In my life, I have known several would-be authors full of wonderful ideas for a novel, short-story, autobiography or screenplay. Several have joked that I should write it for them. Several more have remained bogged down by perfecting the outline, by real-world demands of work and family, or by only having the creativity to formulate ideas, but not the discipline and initiative to actually commit them to the page.
The difference between the idea-people and writers is really quite simple (and equally literal): a writer writes their ideas, wrangles with them, fights with them, carries the burden of them from the first page to the last page, whereas an idea-person is far more comfortable romanticizing their perfect brainchild, never testing whether or not that idea is something that can be practically accomplished.
I don’t say this to disparage idea-people. After all, every author was once among their ranks until the day came when they decided to take the first step towards manifesting their stories and plot conceits into actual, structured sentences. I say this to drive home the point that every worthwhile endeavor—be it writing a novel, making a friend, opening a business or getting your dream job—is achievable only through taking a risk, putting yourself out there (to include all of your fears and vulnerabilities), and applying diligence and determination to continuously practice and work towards your goals.
If you’re an idea-person who has always dreamed of writing your novel, but who has always managed to find excuses not to (I’m not good enough, I don’t have time, how do I know if it will even work how I envision it), challenge those excuses. You think you’re not good enough? How can you know that if you’ve never tried to write your stories down? If your first attempt didn’t turn out how you’d hoped, how do you know you can’t get there with more practice, building or joining a writing community, writing prompts, outside perspectives and research into the topics at hand?

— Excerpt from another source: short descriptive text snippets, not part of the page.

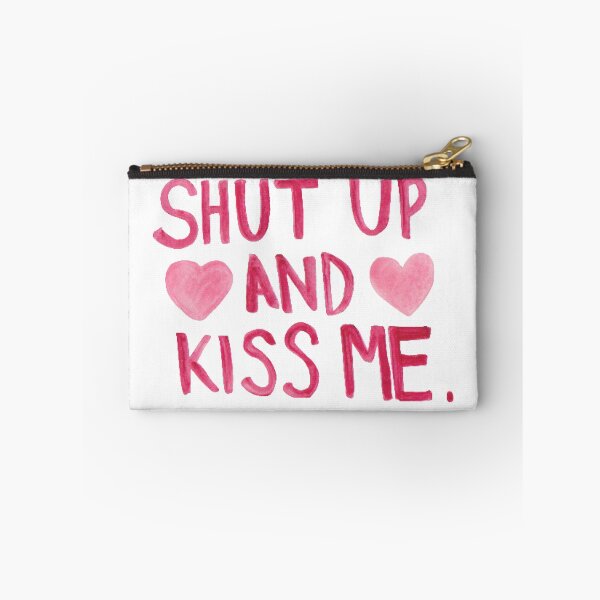 Item preview, Shut up and kiss me <3 designed and sold by micksteeze.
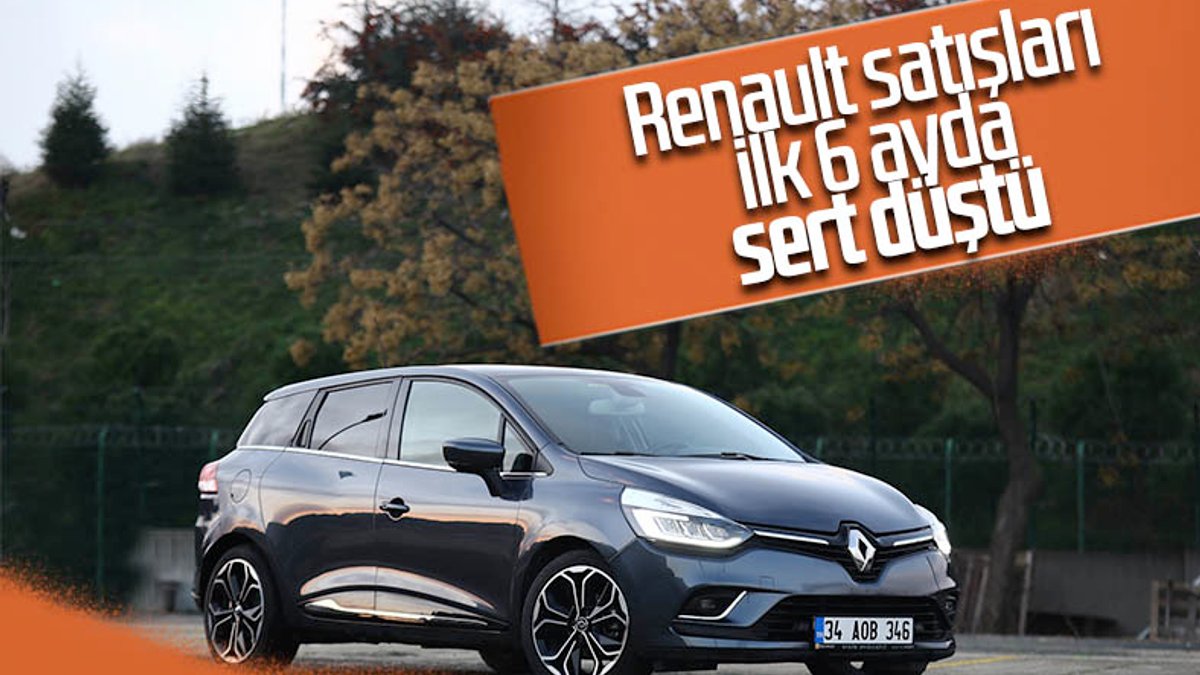 Renault satışları yılın ilk yarısında yüzde 35 azaldı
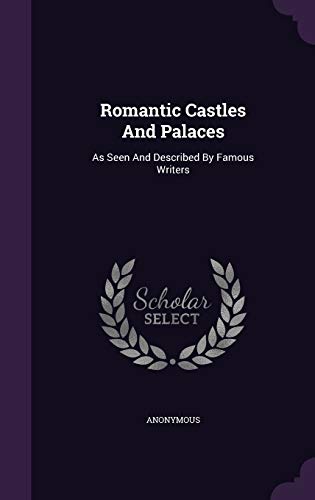 9781347738269: Romantic Castles And Palaces: As Seen And Described By Famous Writers
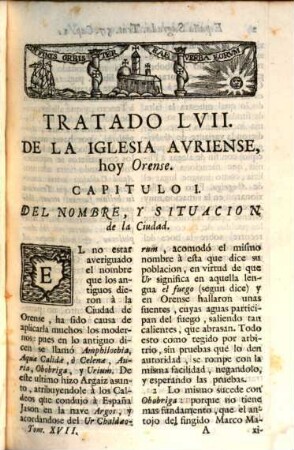 España sagrada : theatro geographico-historico de la Iglesia de España ; origen, divisiones, y limites de todas sus provincias ; antiguedad, traslaciones, y estado antiguo, y presente de sus sillas, con varias dissertaciones criticas, 17. De la santa iglesia de Orense en su estado antiguo y presente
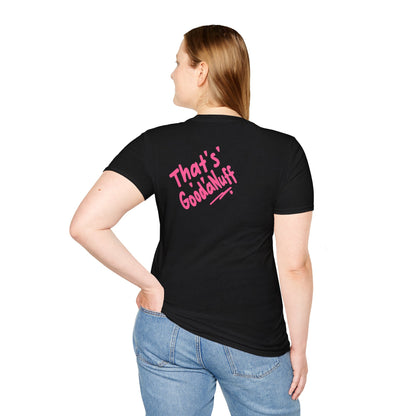 That's GoodaNuff Unisex Softstyle T-Shirt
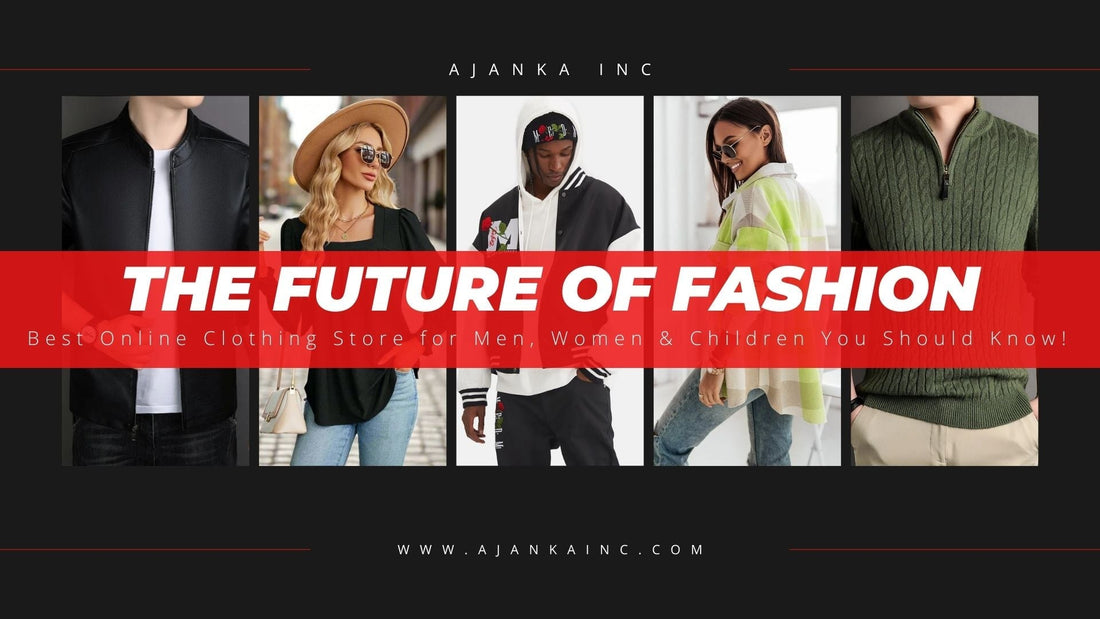 The Future of Fashion: Best Online Clothing Store for Men, Women & Children You Should Know!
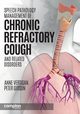Speech Pathology Management of Chronic Refractory Cough and Related Disorders, Vertigan Anne E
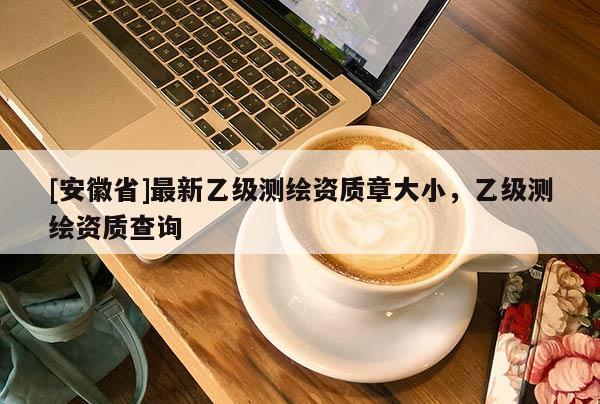 [安徽省]最新乙級(jí)測(cè)繪資質(zhì)章大小，乙級(jí)測(cè)繪資質(zhì)查詢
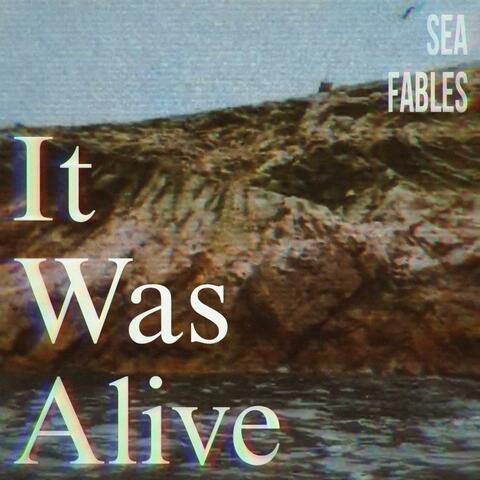 It Was Alive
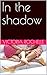 In the shadow (Broken hearts Book 1) by Victoria Rochelle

You think you don’t have time? It’s far less inconvenient than you might think if you make small sacrifices: if you normally binge-watch the Food Network when you get home from work, try setting aside sacred time after your shower and before bed where you turn the TV off and get some words down. Anything is achievable if you find the routine that works best for you and your schedule. Some writers will tell you that you can never get anything done if you don’t write for at least an hour a day. With my work-schedule, I often can’t write at all until the weekends or until I have leave time. Despite my busy schedule, I still find time to write because a) it brings me joy and a sense of purpose to do so and b) I found the routine that works for me. Many writers have full-time jobs, families and other hobbies. Time is what you make of it, and it can only be managed and tamed if you plan ahead and take advantage of every minute you have.
If you’re one of those idea-people who is still daunted by the prospect of ever bringing your dreams to fruition, you may find comfort in knowing that every author started out in the same place—doubting that they were worthy vessels for their stories, worrying after the hundredth rejection letter that they would never be proficient enough at their craft to do their story justice, questioning whether the hours dedicated to their project were worth it. If you have the inner drive and passion to tell stories, these fears and self-doubts may persist, but your sense of purpose will propel you to continue working at it no matter what odds are against you. And while the first step is the hardest to take, it’s the step that turns dreamers into writers.